Automation and Information Services (10 percent of operating earnings)
Revenues gained 17 percent to $166 million, a third quarter record, on strong product demand for medication and supply automation product lines, renewals of existing customer leases, and growing demand for bedside products such as PATIENTSTATION™, an integrated point-of-care information system. The demand for integration of the company’s best-in-class offerings accelerated in the areas of patient safety through Pyxis SafetyNet™ and medical-surgical and pharmaceutical supply chain management through OneSourceSM auto replenishment.
A favorable product mix, productivity gains driven by business model changes implemented last year and expense productivity drove operating earnings up 21 percent to $64 million, a third quarter record. Gross margins improved 83 basis points while SG&A expenses declined by 40 basis points. Return on sales improved to a third quarter record of 38.72 percent. Return on committed capital increased a significant 530 basis points to 44.5 percent, a third quarter record. The ending backlog of committed contracts for Pyxis products awaiting installation remained strong at $202 million at March 31, 2003.
WEBCAST TODAY
Cardinal Health will host a Webcast conference call today at 11 a.m. Eastern Daylight Time to discuss its third quarter performance and outlook. To access this discussion, please visit the Investor Relations page at cardinal.com or dial the telephone call-in number – 706-679-0766. A replay of the webcast will be available at the Investor Relations page at www.cardinal.com. A replay will also be available until 12:00 midnight Eastern Daylight Time April 25 by dialing 706-645-9291, pass code 8995698.
ABOUT CARDINAL HEALTH
Cardinal Health, Inc. (www.cardinal.com) is the leading provider of products and services supporting the health care industry. Cardinal Health businesses develop, manufacture, package and market products for patient care; develop drug-delivery technologies; distribute pharmaceuticals, medical-surgical and laboratory supplies; and offer consulting and other services that improve quality and efficiency in health care. Headquartered in Dublin, Ohio, Cardinal Health employs approximately 50,000 people on five continents and produces annual revenues of more than $47 billion. Cardinal Health is ranked #19 on the Fortune 500 list and was named one of “The World’s Best” companies by Forbes magazine in 2003.

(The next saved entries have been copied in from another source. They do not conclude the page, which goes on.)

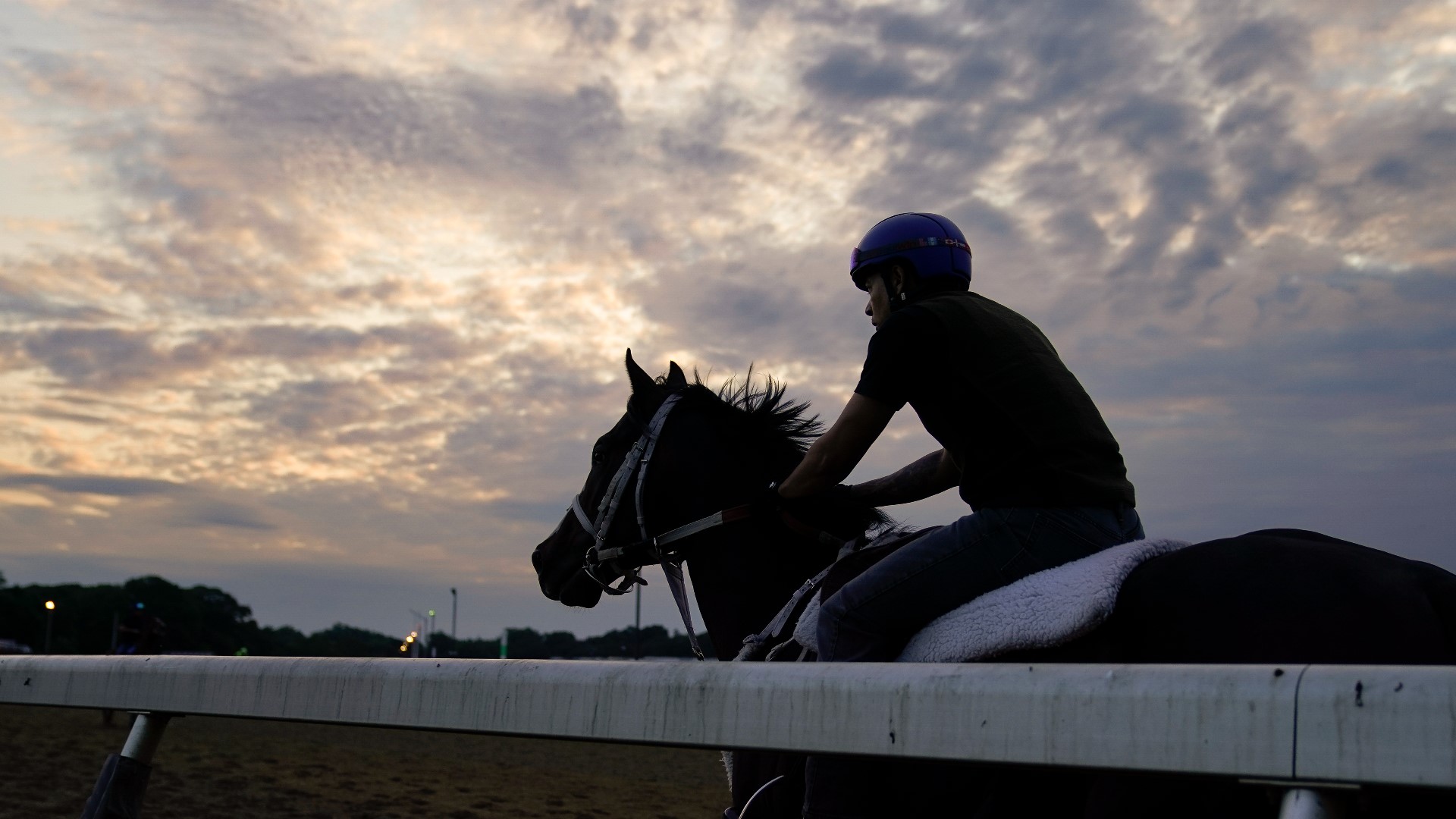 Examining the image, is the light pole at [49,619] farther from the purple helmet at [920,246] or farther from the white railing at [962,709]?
the white railing at [962,709]

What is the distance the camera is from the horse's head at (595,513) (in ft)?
16.0

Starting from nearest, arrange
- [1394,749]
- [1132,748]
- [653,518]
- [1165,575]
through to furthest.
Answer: [1394,749] → [1132,748] → [1165,575] → [653,518]

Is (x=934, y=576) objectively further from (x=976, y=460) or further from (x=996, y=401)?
(x=996, y=401)

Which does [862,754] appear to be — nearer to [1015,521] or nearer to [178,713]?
[178,713]

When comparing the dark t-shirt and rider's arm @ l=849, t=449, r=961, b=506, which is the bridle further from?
the dark t-shirt

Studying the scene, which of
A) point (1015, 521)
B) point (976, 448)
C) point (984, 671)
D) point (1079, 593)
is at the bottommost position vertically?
point (984, 671)

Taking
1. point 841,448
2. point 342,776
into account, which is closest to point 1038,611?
point 841,448

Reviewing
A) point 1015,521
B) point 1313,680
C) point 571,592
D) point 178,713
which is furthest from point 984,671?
point 571,592

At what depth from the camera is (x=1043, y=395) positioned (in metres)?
3.24

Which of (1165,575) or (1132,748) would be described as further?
(1165,575)

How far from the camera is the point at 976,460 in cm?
329

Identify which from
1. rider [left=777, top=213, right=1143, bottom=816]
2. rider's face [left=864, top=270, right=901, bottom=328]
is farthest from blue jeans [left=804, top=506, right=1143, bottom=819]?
rider's face [left=864, top=270, right=901, bottom=328]

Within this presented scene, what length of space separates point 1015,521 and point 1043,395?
1.27ft

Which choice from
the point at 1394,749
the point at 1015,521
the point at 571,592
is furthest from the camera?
the point at 571,592
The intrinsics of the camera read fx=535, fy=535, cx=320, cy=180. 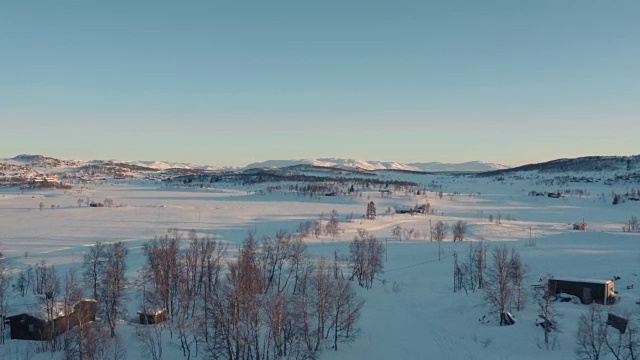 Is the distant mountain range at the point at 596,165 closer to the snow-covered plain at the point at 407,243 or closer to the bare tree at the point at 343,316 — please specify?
the snow-covered plain at the point at 407,243

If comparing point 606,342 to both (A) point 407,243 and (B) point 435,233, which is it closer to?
(A) point 407,243

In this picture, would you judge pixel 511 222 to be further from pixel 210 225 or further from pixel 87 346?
pixel 87 346

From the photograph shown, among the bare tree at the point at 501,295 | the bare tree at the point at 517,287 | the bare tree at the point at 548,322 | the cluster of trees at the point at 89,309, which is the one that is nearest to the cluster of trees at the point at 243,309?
the cluster of trees at the point at 89,309

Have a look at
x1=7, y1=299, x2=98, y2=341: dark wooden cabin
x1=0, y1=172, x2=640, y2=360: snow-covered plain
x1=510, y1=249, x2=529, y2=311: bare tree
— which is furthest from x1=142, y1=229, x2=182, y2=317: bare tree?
x1=510, y1=249, x2=529, y2=311: bare tree

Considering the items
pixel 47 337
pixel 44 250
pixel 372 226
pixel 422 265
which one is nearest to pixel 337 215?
pixel 372 226

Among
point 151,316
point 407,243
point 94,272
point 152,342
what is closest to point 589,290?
point 152,342

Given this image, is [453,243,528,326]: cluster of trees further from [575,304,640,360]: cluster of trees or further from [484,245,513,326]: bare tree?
[575,304,640,360]: cluster of trees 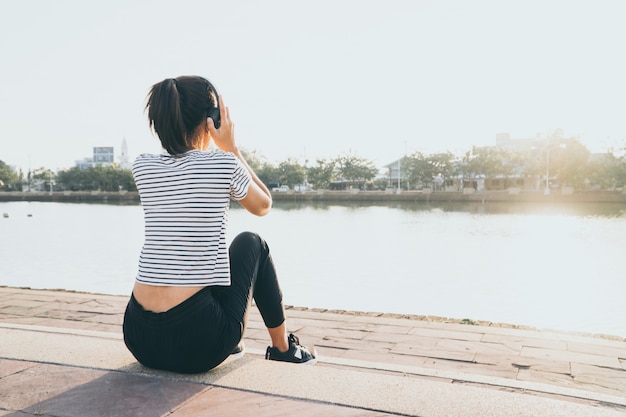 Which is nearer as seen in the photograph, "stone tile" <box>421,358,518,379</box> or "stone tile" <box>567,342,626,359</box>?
"stone tile" <box>421,358,518,379</box>

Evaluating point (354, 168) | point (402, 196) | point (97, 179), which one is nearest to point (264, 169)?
point (354, 168)

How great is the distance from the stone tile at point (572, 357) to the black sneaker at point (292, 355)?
1282 millimetres

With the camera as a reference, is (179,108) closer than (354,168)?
Yes

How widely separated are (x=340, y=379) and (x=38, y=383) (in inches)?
35.9

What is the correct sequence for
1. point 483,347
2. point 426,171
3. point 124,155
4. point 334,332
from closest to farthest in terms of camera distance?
point 483,347, point 334,332, point 426,171, point 124,155

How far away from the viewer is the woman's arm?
1669 mm

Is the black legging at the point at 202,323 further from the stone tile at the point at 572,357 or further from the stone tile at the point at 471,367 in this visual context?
the stone tile at the point at 572,357

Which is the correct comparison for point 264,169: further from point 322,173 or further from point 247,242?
point 247,242

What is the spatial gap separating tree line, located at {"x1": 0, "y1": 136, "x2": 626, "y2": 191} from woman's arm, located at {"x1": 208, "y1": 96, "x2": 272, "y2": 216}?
3254 cm

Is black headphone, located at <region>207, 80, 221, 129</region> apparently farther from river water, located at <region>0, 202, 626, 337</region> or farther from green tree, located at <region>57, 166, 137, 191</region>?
green tree, located at <region>57, 166, 137, 191</region>

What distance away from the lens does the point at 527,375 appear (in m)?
2.41

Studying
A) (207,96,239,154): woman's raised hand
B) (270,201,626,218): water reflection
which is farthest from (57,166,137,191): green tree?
(207,96,239,154): woman's raised hand

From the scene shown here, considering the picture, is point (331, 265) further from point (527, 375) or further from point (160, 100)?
point (160, 100)

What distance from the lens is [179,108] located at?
164cm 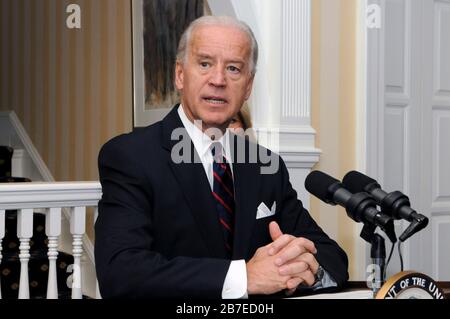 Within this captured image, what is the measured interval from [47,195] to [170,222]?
0.84 meters

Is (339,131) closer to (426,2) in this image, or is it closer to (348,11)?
(348,11)

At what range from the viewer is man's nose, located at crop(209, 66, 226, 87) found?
74.6 inches

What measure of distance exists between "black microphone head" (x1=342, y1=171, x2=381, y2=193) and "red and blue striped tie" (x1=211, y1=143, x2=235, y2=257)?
491 mm

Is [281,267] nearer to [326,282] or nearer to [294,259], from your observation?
Result: [294,259]

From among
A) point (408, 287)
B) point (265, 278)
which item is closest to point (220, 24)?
point (265, 278)

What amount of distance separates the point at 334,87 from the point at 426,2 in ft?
2.46

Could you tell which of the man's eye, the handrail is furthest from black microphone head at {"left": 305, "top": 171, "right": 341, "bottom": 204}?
the handrail

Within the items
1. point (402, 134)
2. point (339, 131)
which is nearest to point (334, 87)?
point (339, 131)

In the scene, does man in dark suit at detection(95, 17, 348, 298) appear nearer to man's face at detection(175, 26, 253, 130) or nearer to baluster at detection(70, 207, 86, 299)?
man's face at detection(175, 26, 253, 130)

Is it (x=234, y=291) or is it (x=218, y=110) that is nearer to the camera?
(x=234, y=291)

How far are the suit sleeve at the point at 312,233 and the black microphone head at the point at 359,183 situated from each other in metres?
0.29

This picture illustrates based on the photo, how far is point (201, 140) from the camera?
193 cm

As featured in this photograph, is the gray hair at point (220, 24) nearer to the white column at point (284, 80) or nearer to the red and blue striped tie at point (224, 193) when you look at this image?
the red and blue striped tie at point (224, 193)

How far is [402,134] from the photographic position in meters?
3.37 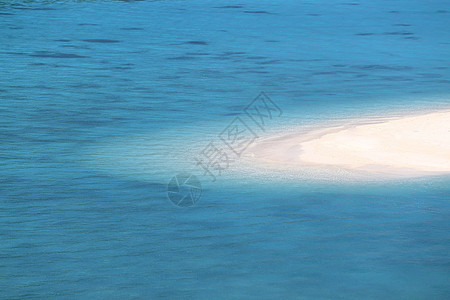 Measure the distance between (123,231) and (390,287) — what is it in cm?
62

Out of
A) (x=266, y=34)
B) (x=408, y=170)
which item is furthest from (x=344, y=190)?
(x=266, y=34)

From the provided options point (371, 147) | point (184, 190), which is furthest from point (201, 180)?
point (371, 147)

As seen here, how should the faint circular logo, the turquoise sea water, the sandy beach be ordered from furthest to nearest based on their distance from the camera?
the sandy beach < the faint circular logo < the turquoise sea water

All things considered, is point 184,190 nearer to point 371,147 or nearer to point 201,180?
point 201,180

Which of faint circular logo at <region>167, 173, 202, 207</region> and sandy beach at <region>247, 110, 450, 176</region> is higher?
sandy beach at <region>247, 110, 450, 176</region>

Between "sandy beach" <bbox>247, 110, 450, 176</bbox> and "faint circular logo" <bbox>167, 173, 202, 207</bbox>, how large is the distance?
0.28 m

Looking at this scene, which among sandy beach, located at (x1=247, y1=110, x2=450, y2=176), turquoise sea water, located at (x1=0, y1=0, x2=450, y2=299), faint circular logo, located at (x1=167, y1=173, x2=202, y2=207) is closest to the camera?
turquoise sea water, located at (x1=0, y1=0, x2=450, y2=299)

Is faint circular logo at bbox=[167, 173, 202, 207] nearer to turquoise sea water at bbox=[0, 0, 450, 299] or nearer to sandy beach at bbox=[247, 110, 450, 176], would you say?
turquoise sea water at bbox=[0, 0, 450, 299]

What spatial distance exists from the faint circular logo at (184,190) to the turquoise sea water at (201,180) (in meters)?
0.02

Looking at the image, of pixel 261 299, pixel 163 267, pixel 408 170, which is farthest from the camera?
pixel 408 170

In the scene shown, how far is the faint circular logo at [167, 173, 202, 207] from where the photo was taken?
1974 millimetres

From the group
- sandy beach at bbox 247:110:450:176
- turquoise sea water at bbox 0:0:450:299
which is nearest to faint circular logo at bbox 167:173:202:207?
turquoise sea water at bbox 0:0:450:299

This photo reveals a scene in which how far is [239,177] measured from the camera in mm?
2170

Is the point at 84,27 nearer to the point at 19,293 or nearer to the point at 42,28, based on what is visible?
the point at 42,28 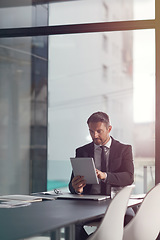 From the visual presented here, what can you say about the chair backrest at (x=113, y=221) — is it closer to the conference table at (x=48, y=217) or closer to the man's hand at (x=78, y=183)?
the conference table at (x=48, y=217)

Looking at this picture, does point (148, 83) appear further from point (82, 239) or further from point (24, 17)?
point (82, 239)

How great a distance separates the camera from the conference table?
2.31 metres

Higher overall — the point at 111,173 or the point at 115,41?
the point at 115,41

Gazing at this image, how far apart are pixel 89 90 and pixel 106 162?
18.8 feet

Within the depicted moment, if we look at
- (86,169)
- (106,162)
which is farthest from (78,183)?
(106,162)

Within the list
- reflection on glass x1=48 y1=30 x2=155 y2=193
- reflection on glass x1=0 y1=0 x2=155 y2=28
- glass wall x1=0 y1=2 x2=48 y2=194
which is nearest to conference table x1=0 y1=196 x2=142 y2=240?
reflection on glass x1=48 y1=30 x2=155 y2=193

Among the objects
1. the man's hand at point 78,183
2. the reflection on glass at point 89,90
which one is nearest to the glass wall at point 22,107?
the reflection on glass at point 89,90

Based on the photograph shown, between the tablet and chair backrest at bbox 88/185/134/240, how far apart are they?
2.60 ft

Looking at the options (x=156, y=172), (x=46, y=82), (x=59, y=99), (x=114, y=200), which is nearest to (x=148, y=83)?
(x=59, y=99)

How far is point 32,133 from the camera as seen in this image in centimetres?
600

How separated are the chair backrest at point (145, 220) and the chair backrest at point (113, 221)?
12.6 inches

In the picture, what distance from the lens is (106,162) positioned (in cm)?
394

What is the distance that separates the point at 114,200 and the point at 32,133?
344cm

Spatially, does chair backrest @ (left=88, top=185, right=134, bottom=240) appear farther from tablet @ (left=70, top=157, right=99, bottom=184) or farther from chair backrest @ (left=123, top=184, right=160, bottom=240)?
tablet @ (left=70, top=157, right=99, bottom=184) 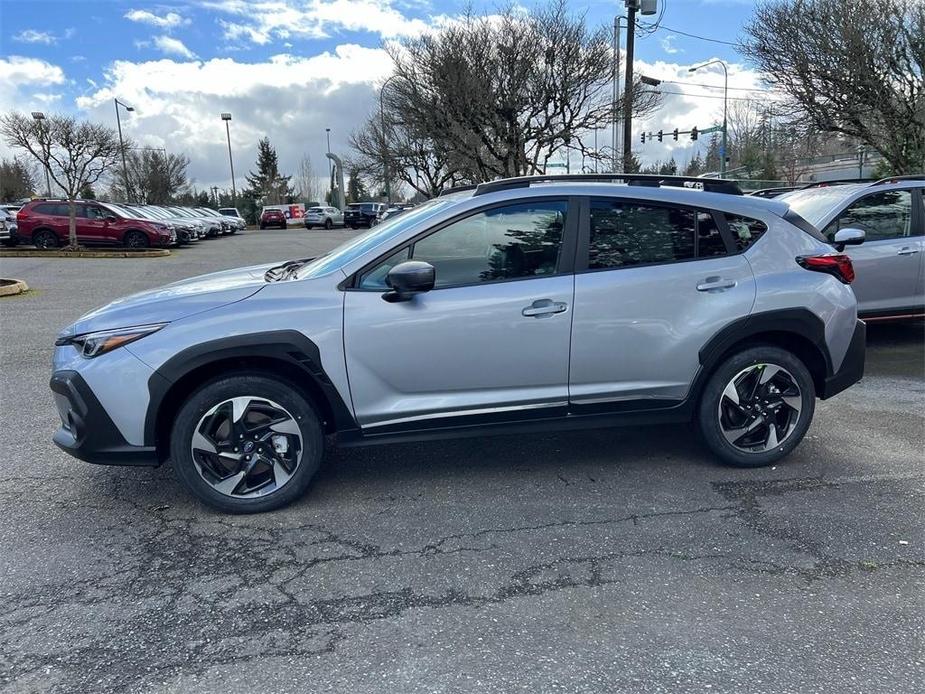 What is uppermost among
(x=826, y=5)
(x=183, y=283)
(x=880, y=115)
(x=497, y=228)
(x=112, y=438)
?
(x=826, y=5)

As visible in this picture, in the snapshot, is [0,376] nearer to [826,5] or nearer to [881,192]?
[881,192]

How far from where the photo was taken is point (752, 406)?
4113 millimetres

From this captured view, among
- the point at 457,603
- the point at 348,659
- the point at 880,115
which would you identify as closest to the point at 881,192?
the point at 457,603

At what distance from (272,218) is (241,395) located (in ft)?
164

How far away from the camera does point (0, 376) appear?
639cm

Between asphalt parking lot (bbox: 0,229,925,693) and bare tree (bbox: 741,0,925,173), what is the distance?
48.8ft

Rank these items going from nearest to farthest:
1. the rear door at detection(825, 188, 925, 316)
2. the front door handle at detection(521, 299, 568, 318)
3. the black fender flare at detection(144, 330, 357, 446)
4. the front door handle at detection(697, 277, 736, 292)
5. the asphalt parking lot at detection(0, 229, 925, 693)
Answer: the asphalt parking lot at detection(0, 229, 925, 693), the black fender flare at detection(144, 330, 357, 446), the front door handle at detection(521, 299, 568, 318), the front door handle at detection(697, 277, 736, 292), the rear door at detection(825, 188, 925, 316)

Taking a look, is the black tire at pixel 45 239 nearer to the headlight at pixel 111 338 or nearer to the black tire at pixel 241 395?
the headlight at pixel 111 338

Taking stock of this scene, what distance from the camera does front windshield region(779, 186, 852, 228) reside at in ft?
22.3

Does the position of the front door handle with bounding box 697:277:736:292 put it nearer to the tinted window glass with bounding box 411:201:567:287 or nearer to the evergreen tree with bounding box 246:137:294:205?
the tinted window glass with bounding box 411:201:567:287

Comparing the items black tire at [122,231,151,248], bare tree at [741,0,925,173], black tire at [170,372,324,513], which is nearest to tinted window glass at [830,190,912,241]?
black tire at [170,372,324,513]

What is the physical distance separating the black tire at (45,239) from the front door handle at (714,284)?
23.1 metres

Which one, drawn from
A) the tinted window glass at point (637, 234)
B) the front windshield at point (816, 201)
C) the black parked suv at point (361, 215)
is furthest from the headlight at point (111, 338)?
the black parked suv at point (361, 215)

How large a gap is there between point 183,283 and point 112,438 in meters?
1.20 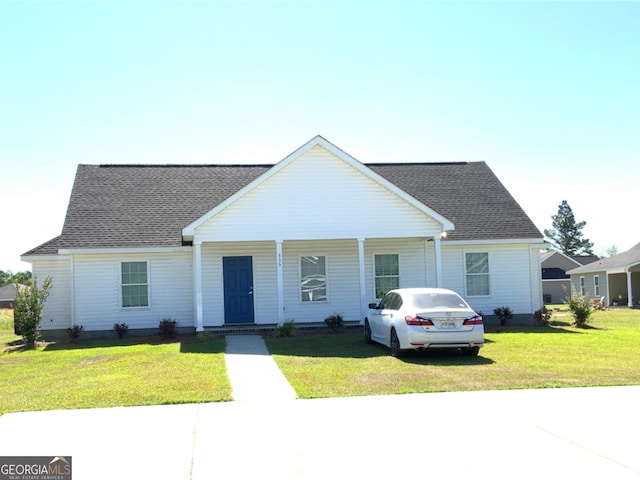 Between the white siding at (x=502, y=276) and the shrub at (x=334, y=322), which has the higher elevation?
the white siding at (x=502, y=276)

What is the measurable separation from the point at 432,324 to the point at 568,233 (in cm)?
9598

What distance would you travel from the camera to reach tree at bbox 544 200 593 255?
9950 centimetres

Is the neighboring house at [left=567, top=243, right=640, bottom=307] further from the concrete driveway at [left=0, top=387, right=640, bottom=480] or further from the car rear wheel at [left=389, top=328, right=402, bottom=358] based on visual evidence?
the concrete driveway at [left=0, top=387, right=640, bottom=480]

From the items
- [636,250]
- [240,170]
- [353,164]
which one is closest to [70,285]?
[240,170]

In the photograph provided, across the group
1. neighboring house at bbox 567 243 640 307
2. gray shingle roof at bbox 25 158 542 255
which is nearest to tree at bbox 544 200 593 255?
neighboring house at bbox 567 243 640 307

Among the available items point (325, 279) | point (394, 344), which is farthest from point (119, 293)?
point (394, 344)

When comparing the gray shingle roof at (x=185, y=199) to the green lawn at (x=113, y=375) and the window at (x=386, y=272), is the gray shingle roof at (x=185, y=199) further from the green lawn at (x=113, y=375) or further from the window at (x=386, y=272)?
the green lawn at (x=113, y=375)

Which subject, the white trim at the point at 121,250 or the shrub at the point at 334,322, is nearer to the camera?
the shrub at the point at 334,322

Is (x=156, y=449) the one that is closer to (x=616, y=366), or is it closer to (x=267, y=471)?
(x=267, y=471)

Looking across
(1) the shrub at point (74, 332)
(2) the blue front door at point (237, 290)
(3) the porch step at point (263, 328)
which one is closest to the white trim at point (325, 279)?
(3) the porch step at point (263, 328)

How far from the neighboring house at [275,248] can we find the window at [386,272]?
0.04 meters

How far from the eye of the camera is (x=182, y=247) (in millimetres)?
20609

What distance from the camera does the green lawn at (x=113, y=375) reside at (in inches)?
373

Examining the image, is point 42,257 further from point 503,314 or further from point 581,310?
point 581,310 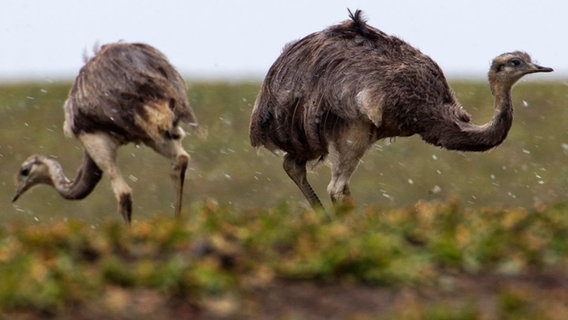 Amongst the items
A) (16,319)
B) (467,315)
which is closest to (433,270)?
(467,315)

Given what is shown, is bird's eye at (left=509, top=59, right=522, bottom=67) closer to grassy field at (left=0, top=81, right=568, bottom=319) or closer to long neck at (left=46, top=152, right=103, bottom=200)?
grassy field at (left=0, top=81, right=568, bottom=319)

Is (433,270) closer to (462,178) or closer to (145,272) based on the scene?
(145,272)

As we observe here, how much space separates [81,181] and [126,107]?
4.96 feet

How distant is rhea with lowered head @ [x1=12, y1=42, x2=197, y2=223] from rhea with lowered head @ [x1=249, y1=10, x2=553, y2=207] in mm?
921

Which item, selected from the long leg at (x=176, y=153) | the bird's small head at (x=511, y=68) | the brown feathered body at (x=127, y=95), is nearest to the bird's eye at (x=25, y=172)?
the brown feathered body at (x=127, y=95)

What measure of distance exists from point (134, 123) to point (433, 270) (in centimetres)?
487

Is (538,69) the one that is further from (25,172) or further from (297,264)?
(25,172)

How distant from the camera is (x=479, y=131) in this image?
1204cm

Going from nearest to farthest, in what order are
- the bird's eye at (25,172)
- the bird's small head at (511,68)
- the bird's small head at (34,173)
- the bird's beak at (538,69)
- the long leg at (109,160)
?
the bird's beak at (538,69)
the bird's small head at (511,68)
the long leg at (109,160)
the bird's small head at (34,173)
the bird's eye at (25,172)

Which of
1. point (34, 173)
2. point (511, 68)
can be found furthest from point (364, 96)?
point (34, 173)

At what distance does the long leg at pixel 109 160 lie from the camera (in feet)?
40.8

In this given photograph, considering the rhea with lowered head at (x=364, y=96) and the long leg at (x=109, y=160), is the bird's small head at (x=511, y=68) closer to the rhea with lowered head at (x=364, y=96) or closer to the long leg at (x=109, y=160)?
the rhea with lowered head at (x=364, y=96)

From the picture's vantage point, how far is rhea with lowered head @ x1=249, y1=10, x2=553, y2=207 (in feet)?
38.7

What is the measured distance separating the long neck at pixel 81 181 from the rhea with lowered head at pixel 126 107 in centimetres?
10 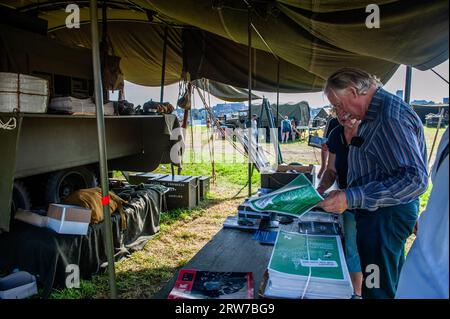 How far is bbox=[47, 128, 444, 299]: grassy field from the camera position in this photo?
118 inches

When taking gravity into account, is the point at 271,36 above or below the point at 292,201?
above

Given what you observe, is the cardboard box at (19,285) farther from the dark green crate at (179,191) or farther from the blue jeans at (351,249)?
the dark green crate at (179,191)

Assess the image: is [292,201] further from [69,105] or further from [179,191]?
[179,191]

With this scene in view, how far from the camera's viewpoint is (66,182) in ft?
13.3

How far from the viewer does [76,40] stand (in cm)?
598

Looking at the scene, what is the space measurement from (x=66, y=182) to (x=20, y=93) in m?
1.82

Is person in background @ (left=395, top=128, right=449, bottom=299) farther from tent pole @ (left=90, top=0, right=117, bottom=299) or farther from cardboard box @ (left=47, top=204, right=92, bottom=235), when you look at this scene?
cardboard box @ (left=47, top=204, right=92, bottom=235)

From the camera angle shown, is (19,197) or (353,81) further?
(19,197)

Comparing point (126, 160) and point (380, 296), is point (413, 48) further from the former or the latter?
point (126, 160)

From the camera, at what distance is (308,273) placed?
100 cm

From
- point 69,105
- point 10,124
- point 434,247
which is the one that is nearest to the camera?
point 434,247

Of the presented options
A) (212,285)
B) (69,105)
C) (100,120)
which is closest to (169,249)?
(69,105)

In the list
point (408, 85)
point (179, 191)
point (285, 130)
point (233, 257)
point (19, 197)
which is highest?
point (408, 85)

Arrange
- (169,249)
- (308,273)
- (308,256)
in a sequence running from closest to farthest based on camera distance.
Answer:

Except for historical information, all other information in this news release consists of forward-looking statements within the meaning of the Private Securities Litigation Reform Act of 1995. These forward-looking statements are subject to risks and uncertainties that could cause actual results to differ materially from those projected, anticipated or implied. The most significant of these uncertainties are described in Cardinal Health's Form 10-K, Form 8-K and Form 10-Q reports (including all amendments to those reports) and exhibits to those reports, and include (but are not limited to) the costs, difficulties, and uncertainties related to the integration of acquired businesses, the loss of one or more key customer or supplier relationships, changes in the distribution patterns or reimbursement rates for health-care products and/or services, the costs and other effects of governmental regulation and legal and administrative proceedings, and general economic and market conditions. Cardinal Health undertakes no obligation to update or revise any forward-looking statements.